Debo confesar que encuentro en ese apasionamiento algún vestigio de la epidemia nacional que nos hace creer que tal o cual etiqueta ideológica es única depositaria de la panacea que salvará al país. Esta impresión que deduzco de la fervorosa militancia que se percibe en la pluma de la autora, me hizo recordar la postrera conferencia (Educar para la democracia) de Carlos Gaviria Díaz, que suelo citar por la sabiduría de ideas que allí expuso, ya asediado por la muerte. Decía el inolvidable maestro que la polarización política era deseable en una sociedad democrática y en consecuencia pluralista y que él mismo era un demócrata radical siendo un hombre de izquierda; por ello apreciaba que el debate público diera voz a conservadores del talante de Edmund Burke, con lo cual entiendo que proponía contrastar el universo (completo) de las ideas que pueden servir a la deliberación racional, lo que excluye lógicamente cualquier sectarismo.
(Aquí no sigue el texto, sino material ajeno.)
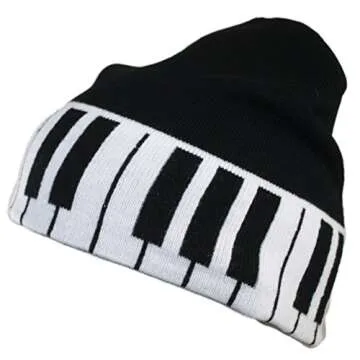 Stylish Ted and Jack Beanie with Piano Keys Design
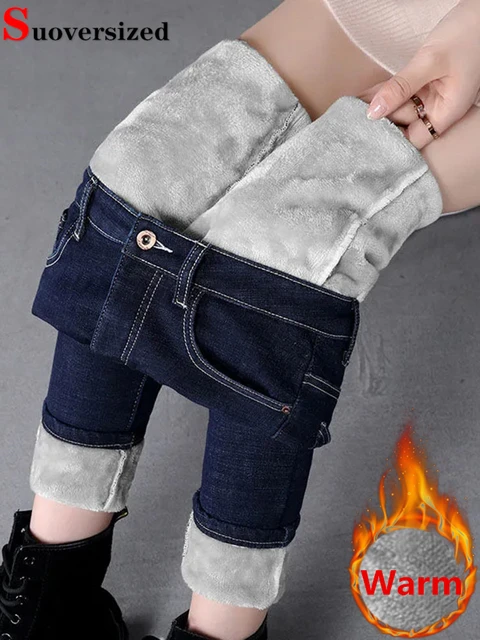 Big Size Slim Velvet Lined Jeans Pencil Pants Winter Women Plush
Podría ensayar un par de lecciones menos complejas y por supuesto, nada originales, en contraste con las que deduce la historiadora y socióloga Olga Lucía González de toda esta saga; la primera que tal vez se le debe a Marx, quien sentenció: “La historia se repite dos veces: primero como tragedia, y después como farsa” (El 18 brumario de Luis Bonaparte), y la segunda no menos deleznable que se circunscribe, de nuevo, a una especie borgiana que reza: “El frenesí de llegar a una conclusión es la más funesta de las manías”.

Por todo esto y seguramente por razones que escapan a mis limitadas nociones de la historiografía nacional, sugiero la lectura de esta apasionante versión de éstos hechos y circunstancias, que sin duda determinan el tortuoso presente y el incierto futuro de Colombia en el que nuevamente se atizan las pavesas de un odio sectario que debemos aprender a superar transformando la cultura que es nuestra manera de ser y estar en el mundo.

El mismo Gabriel Turbay en una conmovedora misiva escrita antes de partir a su mortal exilio voluntario luego de la derrota liberal en la campaña presidencial de 1946, citado por Olga Lucia González expresó: “Sin lealtad y sin buena fe no puede construirse ninguna política duradera…”, quizás a esto me refiero al sugerir la transformación de la cultural y proponer la quimera de hacer de la política una ética.

Desde ya presento excusas, entre otras razones, por la potencialidad que pueda tener este libelo para convertirse en lo que los jóvenes denominan “spoiler”, posibilidad remota si se considera el breve número de los compatriotas que lo leerán.